A 1979 graduate of Snyder High School, he and his wife Kathy returned to Texas five years ago. “Back home, I’ve gotten my mind right,” he joked. Out in the land of brilliant sunsets, tall cotton, cattle herds and wind farms, he writes daily. He says much is experimentation, trying to determine what works and where he fits in a profession where technology is off the charts.
He cherishes hardscrabble surroundings, where he’d rather feed the deer than shoot them. In his “word-weaving,” he paints vivid pictures of the “way it was.” With an appealing style, Sterling is well-studied in reality, using humor in his characters’ dialog to soften many tough situations.
Several West Texas newspapers picked up his series of 16 short stories, and a couple of years ago he wrote My Fair Scurry County Lady (an adaptation of My Fair Lady) for Snyder’s community theater. It played three nights, 95 percent sold out. “I ‘red-necked’ it up pretty good,” he said.
He doesn’t claim to have much in common with Zane Grey, but he smiles at the mention of their identical first names.
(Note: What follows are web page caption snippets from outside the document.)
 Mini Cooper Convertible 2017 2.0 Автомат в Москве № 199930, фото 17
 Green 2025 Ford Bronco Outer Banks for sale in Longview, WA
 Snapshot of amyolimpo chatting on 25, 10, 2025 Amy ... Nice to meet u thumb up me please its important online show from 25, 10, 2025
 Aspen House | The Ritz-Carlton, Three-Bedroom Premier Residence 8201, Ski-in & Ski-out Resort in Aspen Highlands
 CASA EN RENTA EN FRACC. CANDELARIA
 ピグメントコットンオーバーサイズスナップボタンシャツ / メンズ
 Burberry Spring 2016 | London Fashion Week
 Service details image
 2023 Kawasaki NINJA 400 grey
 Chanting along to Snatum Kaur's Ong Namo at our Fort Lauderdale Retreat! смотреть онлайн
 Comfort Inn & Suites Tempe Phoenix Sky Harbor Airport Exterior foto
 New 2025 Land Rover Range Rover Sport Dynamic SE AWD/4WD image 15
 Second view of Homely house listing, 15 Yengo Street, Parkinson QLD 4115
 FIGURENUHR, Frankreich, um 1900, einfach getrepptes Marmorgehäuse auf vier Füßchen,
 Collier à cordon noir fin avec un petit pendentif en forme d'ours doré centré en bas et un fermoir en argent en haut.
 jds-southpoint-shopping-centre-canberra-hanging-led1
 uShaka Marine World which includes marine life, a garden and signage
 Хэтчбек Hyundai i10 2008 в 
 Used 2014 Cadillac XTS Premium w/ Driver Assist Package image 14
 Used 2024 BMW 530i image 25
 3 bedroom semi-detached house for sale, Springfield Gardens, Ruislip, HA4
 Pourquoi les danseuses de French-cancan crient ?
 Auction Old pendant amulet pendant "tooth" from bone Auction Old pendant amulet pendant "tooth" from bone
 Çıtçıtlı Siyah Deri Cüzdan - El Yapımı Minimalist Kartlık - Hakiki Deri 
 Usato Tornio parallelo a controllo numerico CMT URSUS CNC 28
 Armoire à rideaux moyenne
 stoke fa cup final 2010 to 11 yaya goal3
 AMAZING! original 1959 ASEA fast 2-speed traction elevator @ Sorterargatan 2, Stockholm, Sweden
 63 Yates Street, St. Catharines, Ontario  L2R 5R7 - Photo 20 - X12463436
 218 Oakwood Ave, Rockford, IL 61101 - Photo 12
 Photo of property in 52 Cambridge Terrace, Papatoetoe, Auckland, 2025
He’s sorry novelists like Grey, Louis L’Amour and Elmer Kelton are deceased, but happy that Larry McMurtry is still in his literary saddle.
Kelton, a brilliant western writer from San Angelo, died in 2009. Sterling had been scheduled to appear with Kelton at a book-signing about a month after his death.
“Elmer was one of a kind. I watched how he treated people one day during a book signing on the courthouse lawn in Snyder,” he said. “Kelton was pure class.”
Sterling is not without help. Wife Kathy points out where he needs to explain more, and his dad, Mickey Sterling, is a great sounding board and “brutally honest.”
Sterling also is encouraged by Austin producer Suzanne Weinert and by Barry Tubb, a Hollywood star who was a classmate at Snyder High School.
Debt of Vengeance is a great read. Sterling’s work is filled with more twists and turns than mountain roads in the Ozarks.
My wife and I met the Sterlings for coffee recently. Their zeal for his writing projects is admirable, and it’s refreshing to see folks in the “second half” of their lives chasing dreams.
The book is available, both in paperback and as an e-book, on Amazon. With limited arm-twisting, he’d likely “cowboy things up” with western poetry for gatherings so inclined.
I started reading his novel prior to watching the Dallas/Arizona NFL game. By game’s end, I had finished it. The book was memorable; the game wasn’t. If picked up, it is not to be put down. Alas, my books seem opposite. Once put down, they aren’t usually picked up.